But they all feature in Odes, the latest collection from Sharon Olds.
In recent years, the American poet has found critical acclaim.
She won the Pulitzer Prize and the TS Eliot Prize in 2013 for Stag's Leap, written when her husband left her after almost three decades of marriage.
Last year, Olds was awarded the Academy of American Poets' Wallace Stevens Award, which came with a $US100,000 cheque and acknowledgement she was an "American master, and a national treasure".
'These were my passionate subjects'
This is not the way Olds's poetry was received when she first began submitting it to magazines 40 years ago.
"My work was not greeted with universal enthusiasm; it's quite true," she says, laughing.
"It seemed tasteless to many. I wasn't doing it just to be shocking. These were my passionate subjects: parents, children, sexual partner, married sexual love."
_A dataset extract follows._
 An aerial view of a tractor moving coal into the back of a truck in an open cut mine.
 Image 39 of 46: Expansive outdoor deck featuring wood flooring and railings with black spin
Olds wrote directly about her giddy delight in sex, in the pleasure she and her husband took from one another's bodies. Take this excerpt from the poem You Kindly:
close to me, delicate blunt
touch of your hard penis in long
caresses down my face,
With what she jokingly refers to in Odes as "my heteromania talking", Olds continues to celebrate the intense physical and emotional connection of lovemaking.
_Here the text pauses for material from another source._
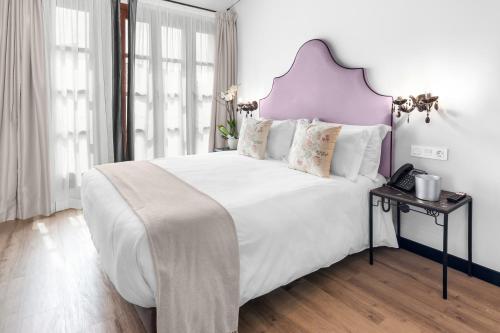a bedroom with a large white bed with a purple headboard at Hotel Casa Palacete Tablas by Maxi Hoteles in Granada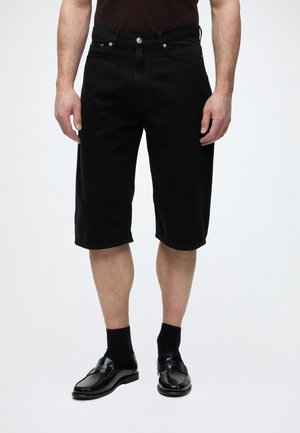 Homme portant un short noir mi-genoux associé à des chaussettes noires et des mocassins noirs brillants, debout devant un fond clair uni.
But she also revels in its bawdy, comic aspects; take Blow Job Ode from this latest collection, which begins: "I never thought of it as a line / of work."
'I have done what you wanted to do, Walt Whitman'
For a woman to write this explicitly about sex shocked many of Olds's early readers, but perhaps even more unsettling is the way her poetry mixes the erotic and the maternal.
Olds's writing ranges across these subjects, sometimes in the one poem, acknowledging that it is the same body that experiences orgasm, pregnancy, birth, and breastfeeding; the same hand that caresses a lover, washes a baby, and writes poem.
Being a mother gave Olds a kind of fierce entitlement to stand shoulder to shoulder with her male predecessors:
I have done what you wanted to do, Walt Whitman,
Allen Ginsberg, I have done this thing,
I and the other women this exceptional
act with the exceptional heroic body,
this giving birth, this glistening verb,
and I am putting my proud American boast
right here with the others.
From The Language of the Brag
While Olds' writing has always drawn on her most intimate experiences of family, she used to deflect biographical questions by saying, "I have taken a vow not to talk about that."
"[It's] a kind of cheesy way to handle the problem," she acknowledges.
These demurrals, though, were blown out of the water with the publication of Stag's Leap, which she summarises as "a book of the end of a long marriage".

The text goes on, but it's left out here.